6. Current evidence of clinically significant corneal or retinal disorder likely to
increase the risk of eye toxicity, including but not limited to bullous/band
keratopathy, keratoconjunctivitis (unless keratoconjunctivitis sicca), corneal
abrasion, inflammation/ulceration, confirmed by ophthalmologic examination.

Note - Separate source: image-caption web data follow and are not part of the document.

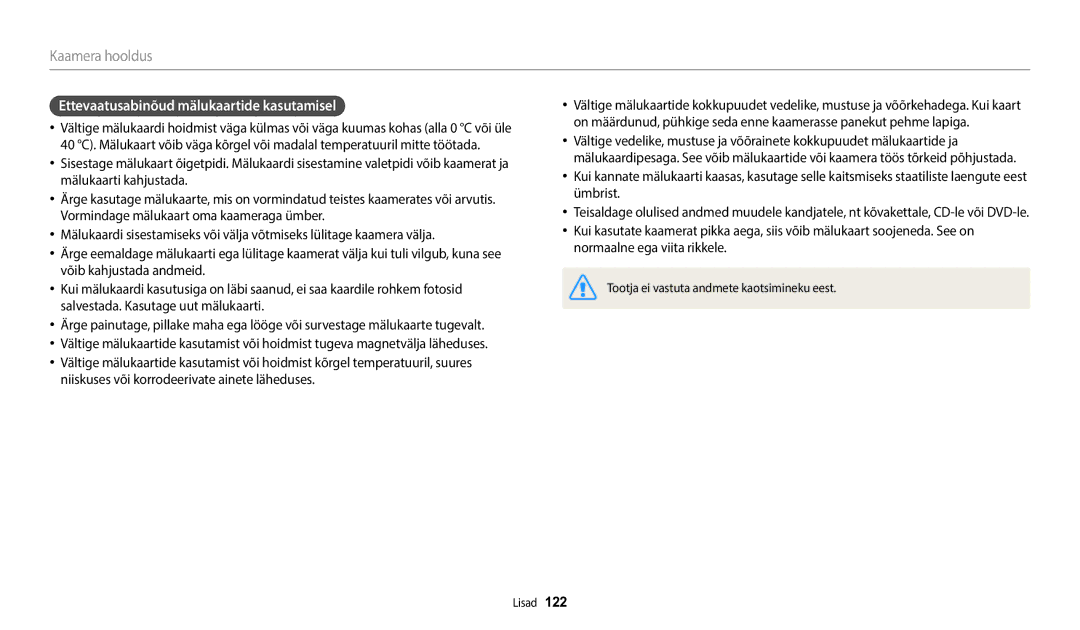 Samsung EC-WB1100BPBE2 manual Ettevaatusabinõud mälukaartide kasutamisel 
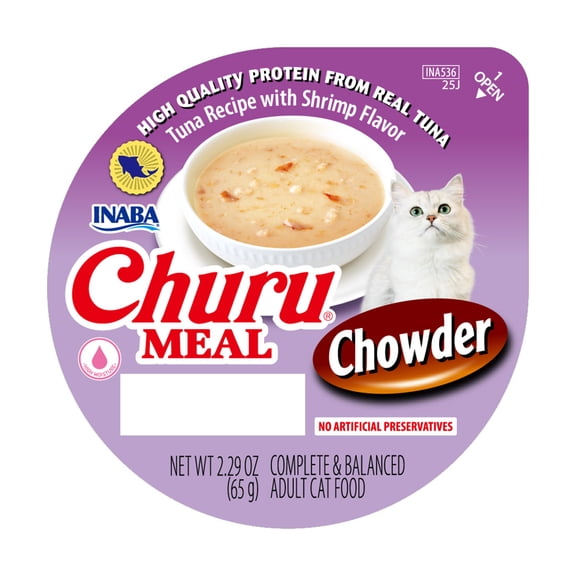 INABA Churu Meal Chowder Adult Wet Cat Food, 2.29 oz cup, 1-count, Tuna Recipe with Shrimp Flavor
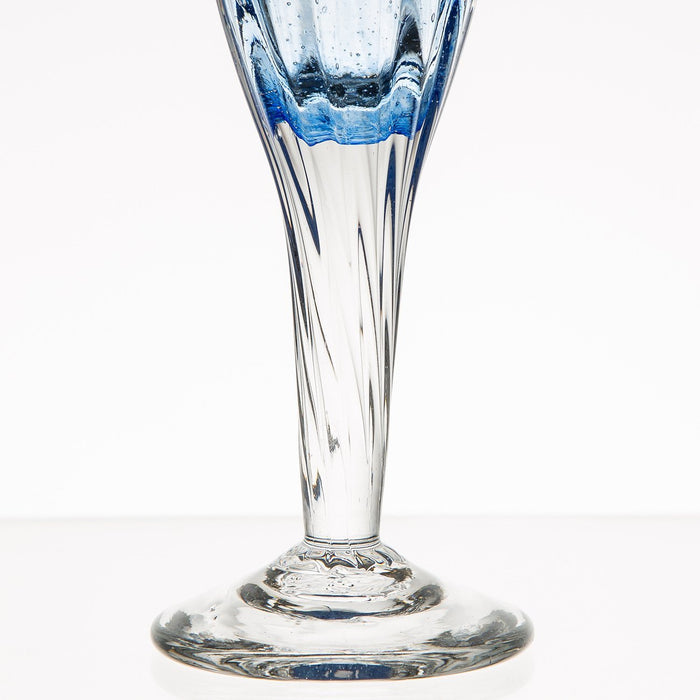 Hand Blown Blue Champagne Flute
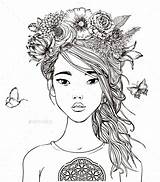 Asian Graphicriver Beautiful Girl Coloring Pages Women sketch template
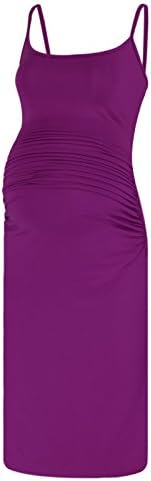 BlackCherry Women's Maternity Camisole Spaghetti Strap Tank Dress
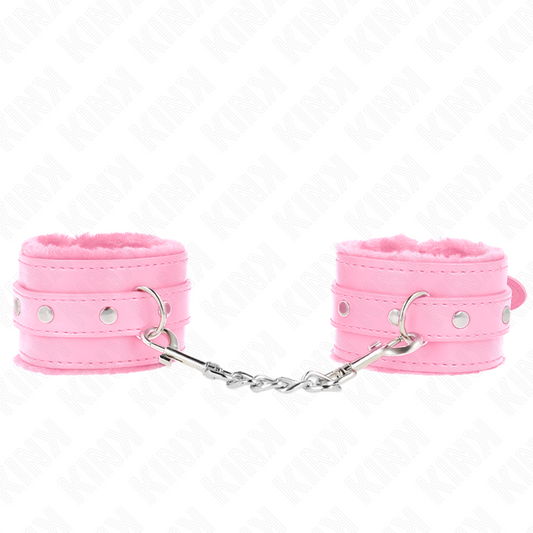 KINK - MUÑEQUERAS FORRADAS PREMIUM ROSA CON CORREA ROSA AJUSTABLE 17-29 CM X 6 CM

7. Concurrent uncontrolled or active hepatobiliary disorders, untreated or ongoing
complications after laparoscopic procedures or stent placement, including but not
limited to active cholangitis, biloma or abscess (to be eligible, the subjects have to
be treated and disorders/complications should be resolved within 2 weeks prior to the
first dose of derazantinib)

8. History of significant cardiac disorders:

- Myocardial infarction (MI) or congestive heart failure defined as Class II to IV
per the New York Heart Association (NYHA) classification within 6 months of the
first dose of derazantinib (MI that occurred > 6 months prior to the first dose
of derazantinib will be permitted)

- QTcF >450 msec (males or females)

9. Serum electrolyte abnormalities defined as follows:

- Hyperphosphataemia: Serum phosphate > institutional ULN

- Hyperkalemia: > 6.0 mmol/L

- Hypokalemia: < 3.0 mmol/L

- Hypercalcemia: corrected serum calcium < 1.75 mmol/L (< 7.0 mg/dL)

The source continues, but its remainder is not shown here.